Diriwayatkan bahwa amal perbuatan pengadu domba lebih buruk dari amal usaha setan karena setan hanya berusaha merayu dan menipu tetapi pengadu domba berbuat kejahatan secara konfrontasi dan terang-terangan.Allah berfirman, ”Pembawa kayu bakar.” (Al lahab: 4).
Kebanyakan ahli tafsir berkata ” yang dimaksud dengan kayu bakar adalah namimahcdan namimah disebut kayu karena perbuatan namimah bissa menyulut permusuhan, peperangan dan percekcokan sehinggga laksana membakar kayu.”
Pengadu domba hidup terhina,tercampakan dan tersisih serta tidak mempunyai peran dan posisi dalm masyarakat kecuali merusak dan merobohkan tatanan kehidupan dan moralitas umat karena dia merekam informasi atau ucapan secar atidak lengkap dan namimah merupakan pedang beracun yang mematikan.
Aktsum bin shafi berkata, ”orang terhina ada empat, pengadu domba, pendusta, pengutang dan anak yatim.”
Hasan al bashri berkata, ”Orang yang suka mengadukan kepadamu ucapan orang lain maka dia juga suka mengadukan ucapanmu kepada orang lain.”
Abu Laits as Samarqandi berkata, ”Jika ada orang datang mengadu kepadamu bahwa ada seseorang yang telah mengatakan begini dan begitu tentang dirimu maka kau wajib melakukan enam langkah
Pertama, Jangan kamu percaya sebab pengadu domba ditolak kesaksiannya di kalangan kau muslimin karena Allah berfirman,
”Hai orang-orang yang beriman, jika datang kepadamu orang fasik membawa suatu berita, Maka periksalah dengan teliti agar kamu tidak menimpakan suatu musibah kepada suatu kaum tanpa mengetahui keadaannya yang menyebabkan kamu menyesal atas perbuatanmu itu.” (QS Al Hujurat: 6)
Kedua, Kamu harus melarang orang tersebut dari perbuatan itu karena melarang kemungkaran wajib
Ketiga, Hendaklah kamu membencinya karena Allah sebab dia sedang melakukan maksiat dan membenci orang maksiat itu wajib karena Allah membencinya.
Keempat, Janganlah kamu berprasangka buruk dengan saudaramu yang tidak ada di tempat sebab berburuk sangka terhadap sesama Muslim adalah haram, sebagaimana firman Allah,
”Sesungguhnya sebagian dari prasangka itu adalah dosa.” (Al-Hujurat: 12)
Kelima, Jangan memcari-cari kesalahan-kesalahan saudara yang menjadi pembicara, karena Allah melarang hal itu seperti dalam firmannya,
”Dan janganlah sebagian kamu mencari-cari kesalahan orang lain.” (Al Hujurat: 12)

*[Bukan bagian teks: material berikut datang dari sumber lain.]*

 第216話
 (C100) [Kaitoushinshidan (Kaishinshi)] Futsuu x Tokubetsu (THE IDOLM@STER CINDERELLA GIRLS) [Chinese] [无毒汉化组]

Keenam, Apa yang tidak kamu sukai dari pengadu domba ini mak kamu jangan sampaikan pengaduannya pada orang lain.
1.    3.       As Si’ayah (Menghasud)
As si’ayah (menghasud) lebih buruk dan tercela daripada ghibah dan namimah sebab si’ayah menyatukan ghibah dan namimah; bangga dengan diri dan harta, serta mencela kedudukan dan keadaan orang lain.
Salah seorang ahli hikmah berkata,” penghasud diantara dua posisi, yang keduanya jelek bila berada diatas kebenaran maka ia telaah berkianat dan bila berdusta maka telah merusak muru’ah.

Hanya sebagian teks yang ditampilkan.